Using the Global Innovation Index, developed by Johnson Dean Soumitra Dutta and jointly published by Cornell University, INSEAD, and the World Intellectual Property Organization, Coyle will demonstrate how Brazil has been losing ground to other countries in the areas of education, research and development, and ease of doing business. However, new educational and innovation initiatives recently launched by the Brazilian government seem to hold promise, as gains in these areas are becoming evident.

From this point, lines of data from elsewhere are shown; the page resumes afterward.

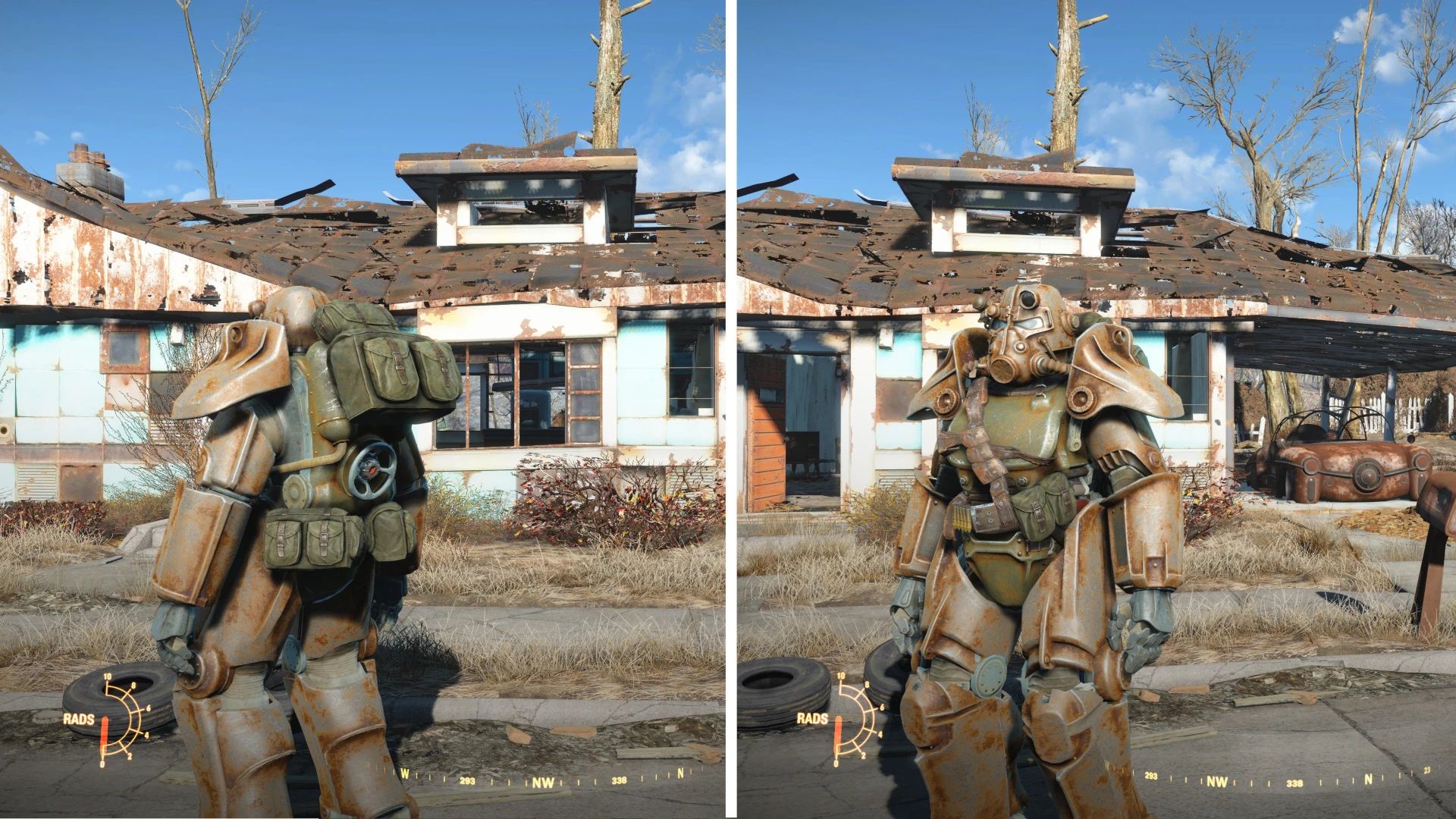 Edmond's Power Armor Backpacks 2026 - Power Armor Backpacks and Diversification mod for Fallout 4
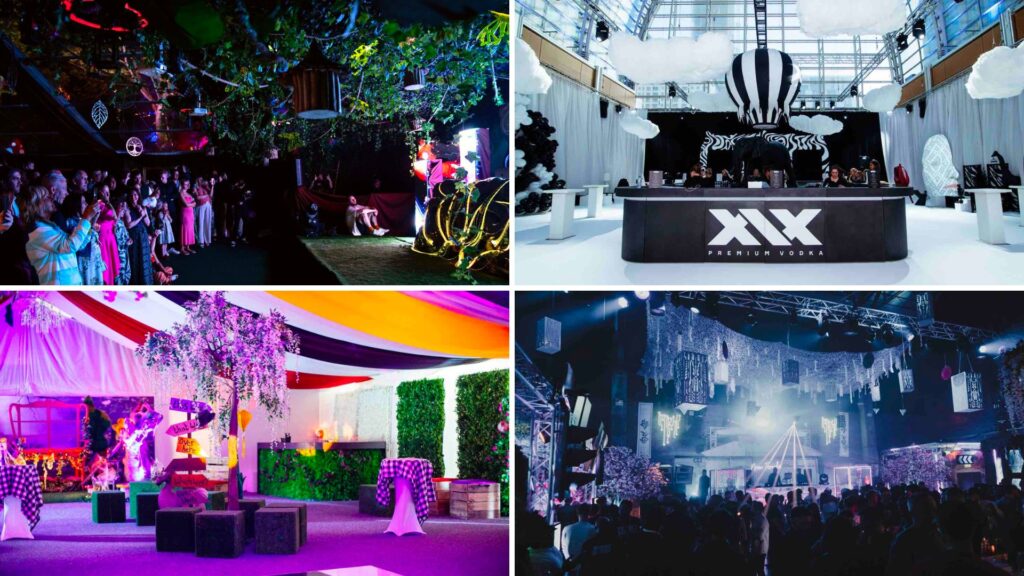 Themes for brand activations need to be matched perfectly for your image.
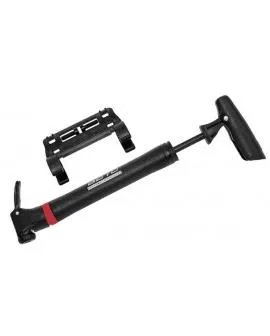 Mini Teleskop Pumpe schwarz 8bar schwarz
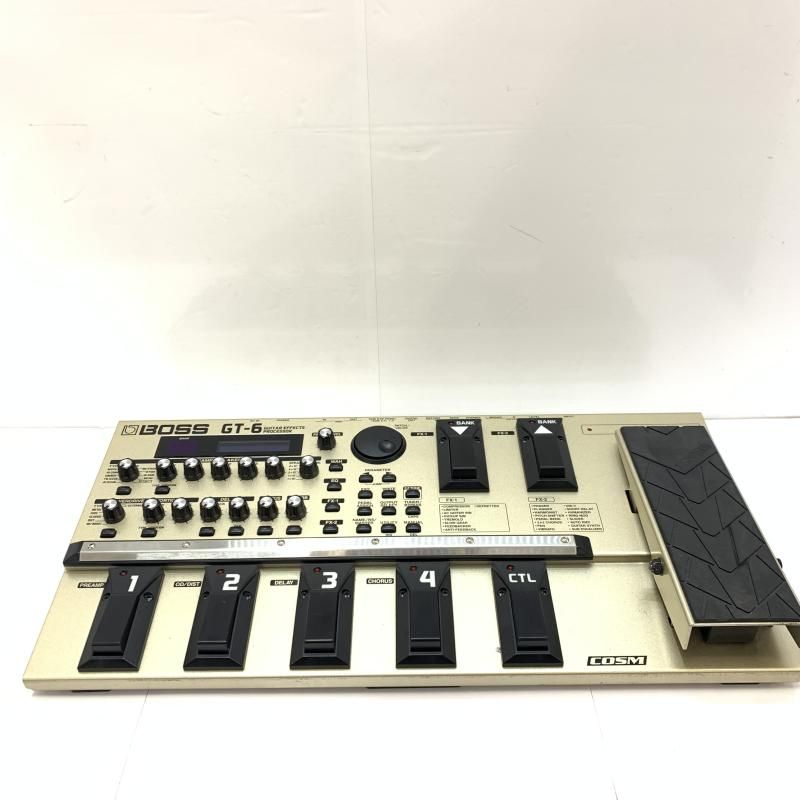 BOSS GT-6 マルチエフェクター 92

Examples include Science Without Borders, which has sent 37 Brazilian students to Cornell University this semester, with another 17 expected in January. Globally, the program hopes to send 101,000 Brazilians abroad by 2015. Programs such as this have helped quadruple annual number of master’s and doctorate graduates in Brazil in the past 15 years. Major corporations such as IBM, Halliburton, and Cisco have recently announced new Innovation & Technology Centers in Brazil. In addition, reforms have been implemented within the government innovation agency to accelerate the approval process for funding.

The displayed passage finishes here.